#### [WHAT IS REQUIRED]
Could you return each entry below exactly as written, minus any pictures?

#### [SOURCE MATERIAL]

══════════════════════════════

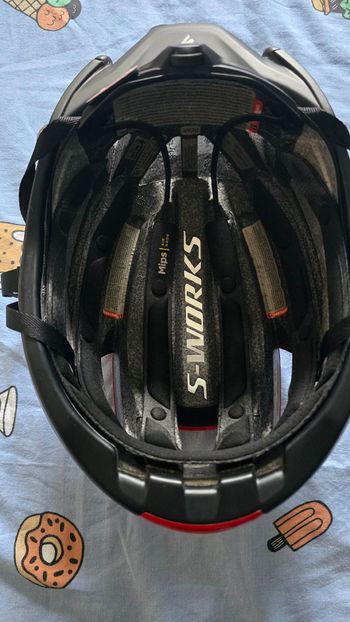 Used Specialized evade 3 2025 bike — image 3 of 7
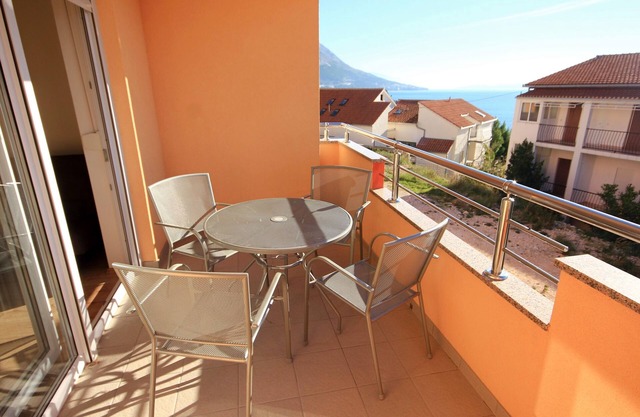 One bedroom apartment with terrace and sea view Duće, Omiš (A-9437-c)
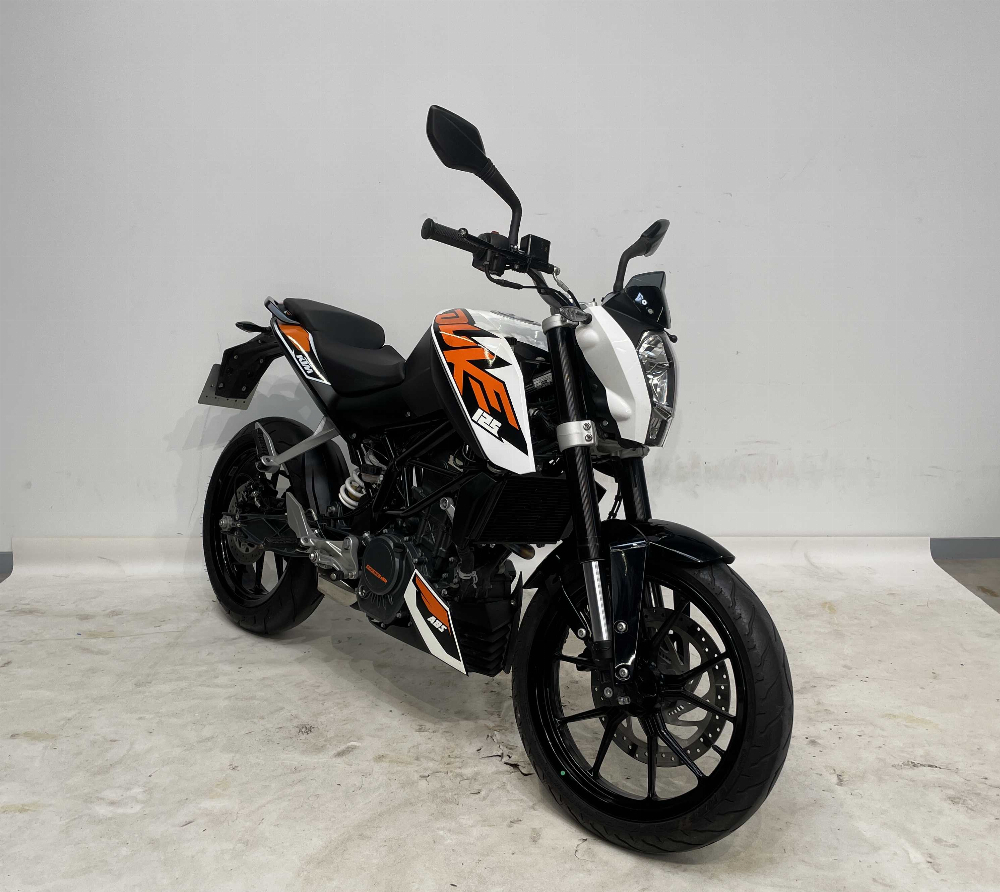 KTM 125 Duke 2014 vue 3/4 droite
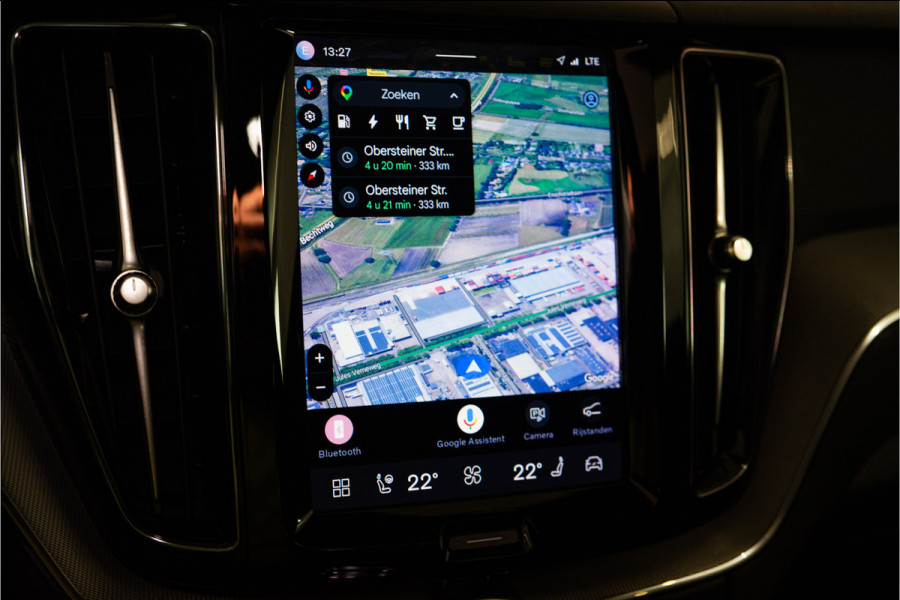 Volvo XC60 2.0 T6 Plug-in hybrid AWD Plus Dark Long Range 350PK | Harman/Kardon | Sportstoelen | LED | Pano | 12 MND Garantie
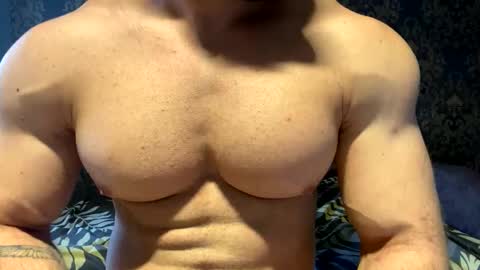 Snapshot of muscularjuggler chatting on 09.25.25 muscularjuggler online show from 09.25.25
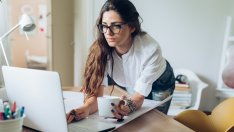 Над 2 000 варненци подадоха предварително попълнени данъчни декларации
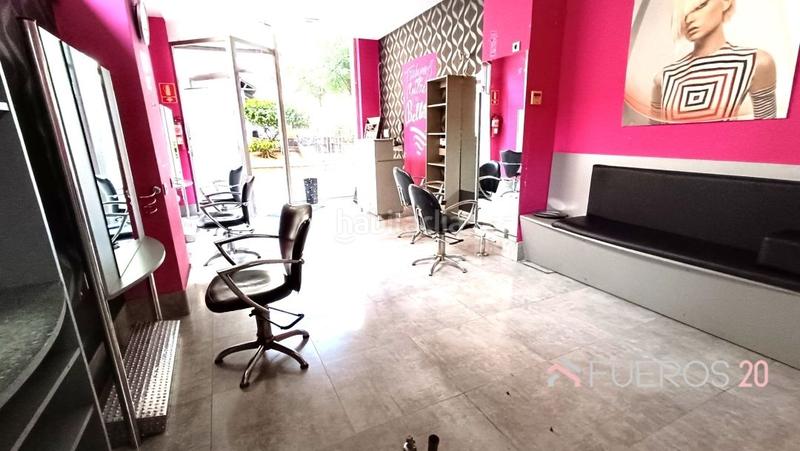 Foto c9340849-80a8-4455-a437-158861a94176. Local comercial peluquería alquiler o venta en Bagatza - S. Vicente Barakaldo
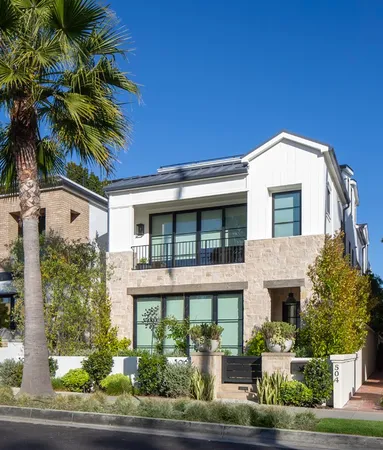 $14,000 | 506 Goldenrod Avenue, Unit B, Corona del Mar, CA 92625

══════════════════════════════

#### [RESPONSE TO THIS EXERCISE]
 Used Specialized evade 3 2025 bike — image 3 of 7
 One bedroom apartment with terrace and sea view Duće, Omiš (A-9437-c)
 KTM 125 Duke 2014 vue 3/4 droite
 Volvo XC60 2.0 T6 Plug-in hybrid AWD Plus Dark Long Range 350PK | Harman/Kardon | Sportstoelen | LED | Pano | 12 MND Garantie
 Snapshot of muscularjuggler chatting on 09.25.25 muscularjuggler online show from 09.25.25
 Над 2 000 варненци подадоха предварително попълнени данъчни декларации
 Foto c9340849-80a8-4455-a437-158861a94176. Local comercial peluquería alquiler o venta en Bagatza - S. Vicente Barakaldo
 $14,000 | 506 Goldenrod Avenue, Unit B, Corona del Mar, CA 92625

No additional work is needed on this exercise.